Managing Time with the Optimal Week Tool
by Samantha Cooprider.
Wouldn’t it be incredible to get everything you wanted done? To finish everything you started? That would be the best week ever. And while perfection is oft sought, but rarely achieved, having more productive days is really a skill of time management.
Having the best week ever would mean making a conscious choice to look at the reality of how we spend our time. We all have personal and professional responsibilities as well as goals for ourselves. Yet, for most of us, there’s a disconnect between what we’d like to see in our lives and how we are actually spending the hours of our day.
The Optimal Week is a tool that allows us to make our time reflect our priorities in a way that’s aligned with reality.

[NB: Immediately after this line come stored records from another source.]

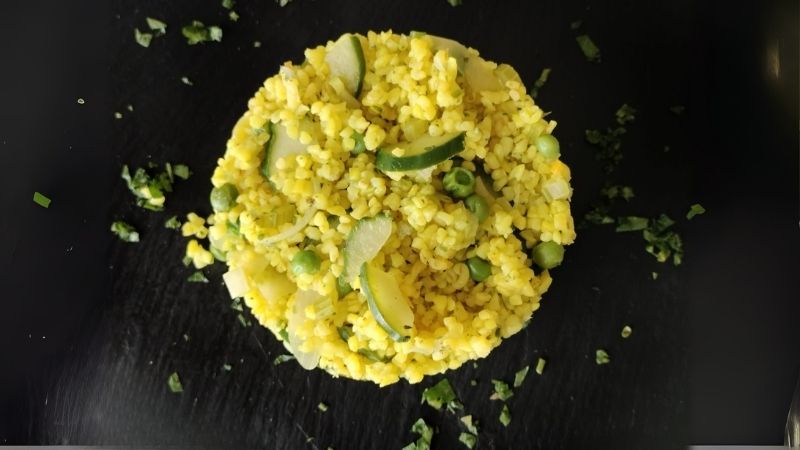 Tabouleh di bulgur con pesto di basilico e menta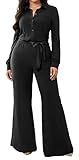 Women Elegant Jumpsuits Business V Neck Black Long Sleeve Casual Stand Collar Button Down Straight Long Pants Business Rompers With Pockets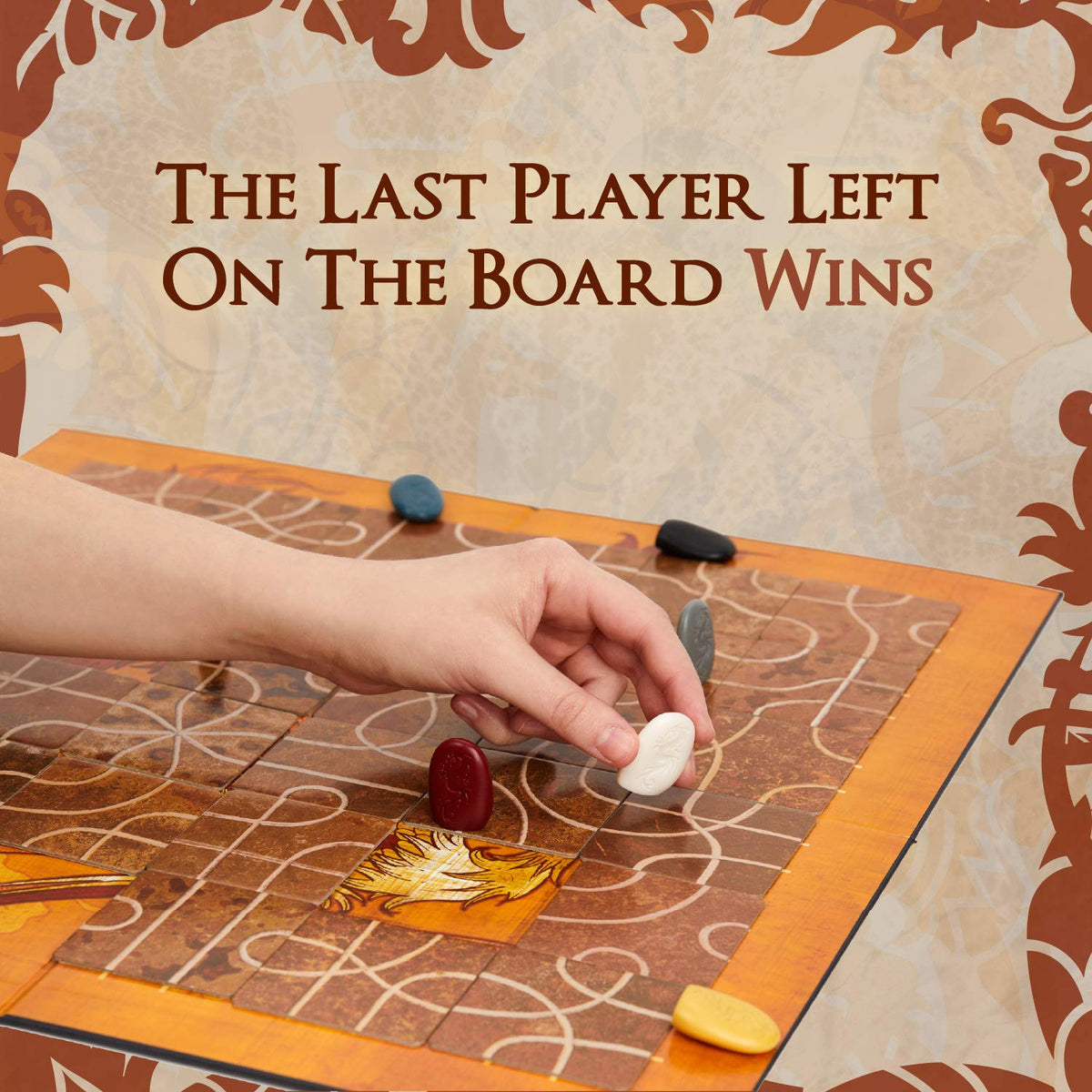 Calliope Tsuro game board features an elegant, Asian-inspired design.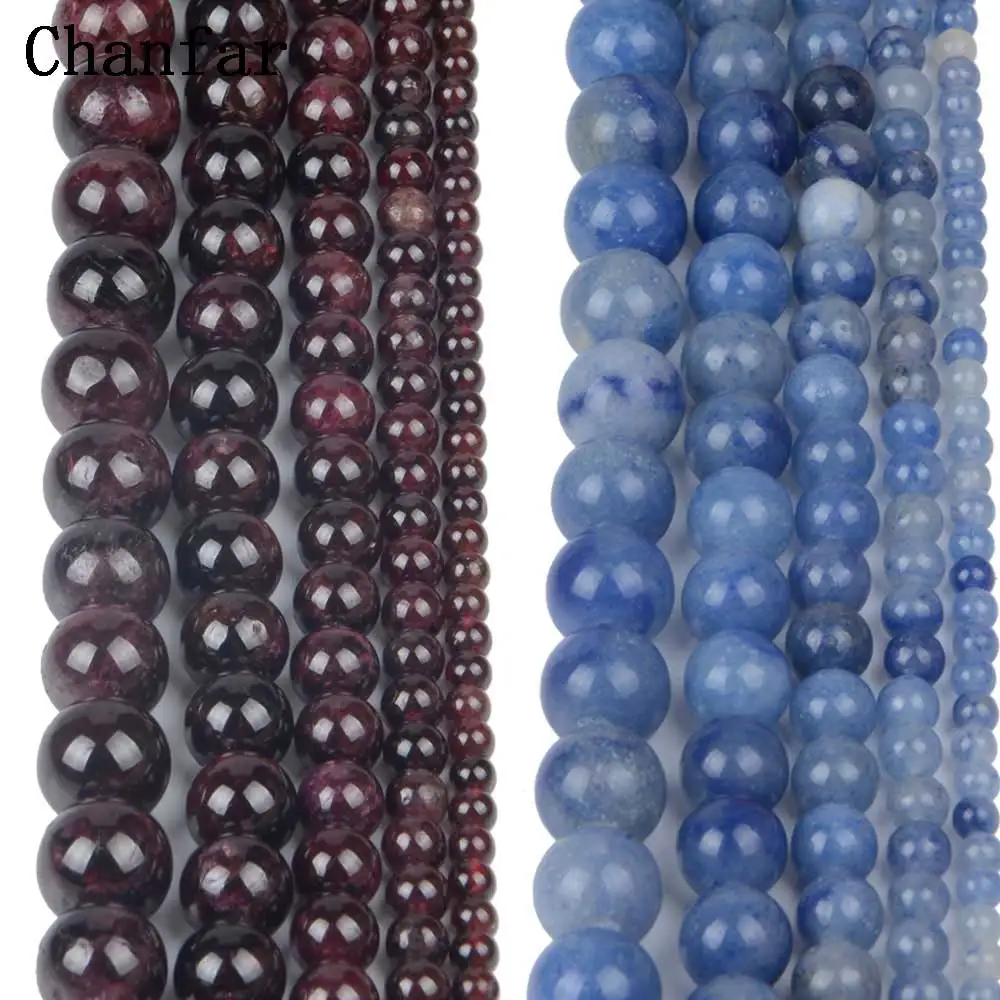 High Quality Red Garnet Stone Blue Aventurine Women Jewelry Fashion Making Loose Beads 4 6 8 10 12mm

It helps you make the shift from being at the mercy of time… oh, I really need to exercise more, or I want to sleep more, or spend more time with the kids… to being in reality about your ability to make conscious choices about what you do with our time – which is another way of saying that you are interested in being more conscious about how you live your life.
It’s about learning to opt-in on a slightly different mind-set. When I first learned about this tool I said, yes, thank you! I had done so much work around finding clarity on my priorities, my goals and my responsibilities. And yet, it was hard to actually fit them all in.
The Optimal Week tool was the missing link, and also a wake-up call that I might not be able to do everything now. There’s a real freedom in getting to reality about what I can fit in, and letting go of what I can’t.
What about less definable categories about how we spend our time, like email and texting and the buzzing of our smart phones?
We’re addicted to urgency, and in the midst of our addiction, all the little fires get put out while the things that are really important to us fall by the wayside. The beauty of the Optimal Week is that it sets up a structure for us so that we can’t ignore the important things that act as a barometer for us to see how we’re doing.
Just noticing that can be enough to start the shift on how conscious we are about time spent texting, emailing, checking social media sites, etc.
Let’s Get Started
Identify a way to physically represent the days and hours of a week. This is a template, a picture of how you want your Optimal Week to look and you’ll use it as a barometer for the way you are actually spending your time. You just need a basic 7-day week layout, one that includes the hours of the day.
Some people use a printout, or a spreadsheet and some even hand-write it with pencil and paper. Drawing it out yourself is a very tactile experience, and really works for some people.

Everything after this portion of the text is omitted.